» What needs to be done: Below are records; copy exactly the line containing "this 514×252 image." and every line after it, through the last.

*** Opening of Supplied information ***

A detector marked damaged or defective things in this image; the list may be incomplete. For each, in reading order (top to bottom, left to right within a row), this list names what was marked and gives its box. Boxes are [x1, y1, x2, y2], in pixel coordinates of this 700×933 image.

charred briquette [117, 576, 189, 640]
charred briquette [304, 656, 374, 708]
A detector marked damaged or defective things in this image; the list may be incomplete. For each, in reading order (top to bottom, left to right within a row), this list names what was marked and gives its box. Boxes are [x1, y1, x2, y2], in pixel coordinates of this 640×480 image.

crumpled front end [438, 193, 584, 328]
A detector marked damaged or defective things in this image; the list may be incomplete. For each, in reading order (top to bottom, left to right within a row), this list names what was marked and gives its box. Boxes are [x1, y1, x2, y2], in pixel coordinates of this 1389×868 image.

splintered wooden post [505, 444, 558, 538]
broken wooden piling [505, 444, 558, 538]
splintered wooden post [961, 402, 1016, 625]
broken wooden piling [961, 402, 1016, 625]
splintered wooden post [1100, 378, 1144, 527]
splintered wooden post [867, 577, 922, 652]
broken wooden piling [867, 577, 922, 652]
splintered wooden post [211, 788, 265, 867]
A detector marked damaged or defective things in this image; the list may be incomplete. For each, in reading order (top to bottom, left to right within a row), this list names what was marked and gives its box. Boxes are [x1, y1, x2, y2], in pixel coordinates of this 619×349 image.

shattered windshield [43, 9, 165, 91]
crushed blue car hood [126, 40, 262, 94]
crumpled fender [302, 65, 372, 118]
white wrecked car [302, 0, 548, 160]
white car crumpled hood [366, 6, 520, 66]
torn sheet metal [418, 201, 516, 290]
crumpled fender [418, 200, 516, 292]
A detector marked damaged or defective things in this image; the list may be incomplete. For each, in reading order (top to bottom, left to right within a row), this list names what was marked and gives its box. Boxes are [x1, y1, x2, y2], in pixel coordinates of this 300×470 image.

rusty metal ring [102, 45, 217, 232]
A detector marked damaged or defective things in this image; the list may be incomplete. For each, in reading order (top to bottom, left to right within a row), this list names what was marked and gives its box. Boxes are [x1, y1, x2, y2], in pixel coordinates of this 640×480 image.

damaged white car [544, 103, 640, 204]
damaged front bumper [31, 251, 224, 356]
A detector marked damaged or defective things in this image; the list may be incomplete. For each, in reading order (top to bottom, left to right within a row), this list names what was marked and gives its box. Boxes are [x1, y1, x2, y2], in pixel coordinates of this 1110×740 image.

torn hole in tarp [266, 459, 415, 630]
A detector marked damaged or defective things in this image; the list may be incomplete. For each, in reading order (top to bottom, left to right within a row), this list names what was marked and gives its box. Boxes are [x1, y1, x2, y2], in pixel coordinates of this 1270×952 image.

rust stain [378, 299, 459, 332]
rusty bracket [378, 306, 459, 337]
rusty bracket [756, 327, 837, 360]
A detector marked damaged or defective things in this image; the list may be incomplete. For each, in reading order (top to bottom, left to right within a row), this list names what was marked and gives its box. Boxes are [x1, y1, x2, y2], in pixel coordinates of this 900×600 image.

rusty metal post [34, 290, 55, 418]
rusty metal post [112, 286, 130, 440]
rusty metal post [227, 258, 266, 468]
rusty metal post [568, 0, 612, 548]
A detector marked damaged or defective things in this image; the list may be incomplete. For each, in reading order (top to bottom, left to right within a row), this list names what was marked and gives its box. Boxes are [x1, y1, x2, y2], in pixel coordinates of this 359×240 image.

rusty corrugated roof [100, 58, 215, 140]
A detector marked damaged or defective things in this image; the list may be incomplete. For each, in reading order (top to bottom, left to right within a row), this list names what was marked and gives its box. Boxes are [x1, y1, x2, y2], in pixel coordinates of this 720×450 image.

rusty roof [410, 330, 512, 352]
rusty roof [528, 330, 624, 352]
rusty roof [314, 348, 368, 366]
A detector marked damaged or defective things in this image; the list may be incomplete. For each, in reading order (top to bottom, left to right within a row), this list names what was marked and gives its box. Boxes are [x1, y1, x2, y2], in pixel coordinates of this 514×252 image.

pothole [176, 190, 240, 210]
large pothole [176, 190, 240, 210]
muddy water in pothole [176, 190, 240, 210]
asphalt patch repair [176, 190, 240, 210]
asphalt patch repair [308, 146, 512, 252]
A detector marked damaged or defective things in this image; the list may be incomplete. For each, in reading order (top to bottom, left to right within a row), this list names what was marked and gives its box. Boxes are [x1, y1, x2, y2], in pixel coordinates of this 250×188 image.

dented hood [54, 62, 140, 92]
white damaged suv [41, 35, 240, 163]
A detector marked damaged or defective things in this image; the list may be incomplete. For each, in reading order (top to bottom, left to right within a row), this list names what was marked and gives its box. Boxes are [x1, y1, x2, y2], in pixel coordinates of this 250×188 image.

*** Close of Supplied information ***

» Reply:
A detector marked damaged or defective things in this image; the list may be incomplete. For each, in reading order (top to bottom, left to right within a row), this list names what was marked and gives its box. Boxes are [x1, y1, x2, y2], in pixel coordinates of this 514×252 image.

pothole [176, 190, 240, 210]
large pothole [176, 190, 240, 210]
muddy water in pothole [176, 190, 240, 210]
asphalt patch repair [176, 190, 240, 210]
asphalt patch repair [308, 146, 512, 252]
A detector marked damaged or defective things in this image; the list may be incomplete. For each, in reading order (top to bottom, left to right within a row), this list names what was marked and gives its box. Boxes are [x1, y1, x2, y2], in pixel coordinates of this 250×188 image.

dented hood [54, 62, 140, 92]
white damaged suv [41, 35, 240, 163]
A detector marked damaged or defective things in this image; the list may be incomplete. For each, in reading order (top to bottom, left to right within a row), this list names what was marked and gives its box. Boxes are [x1, y1, x2, y2], in pixel coordinates of this 250×188 image.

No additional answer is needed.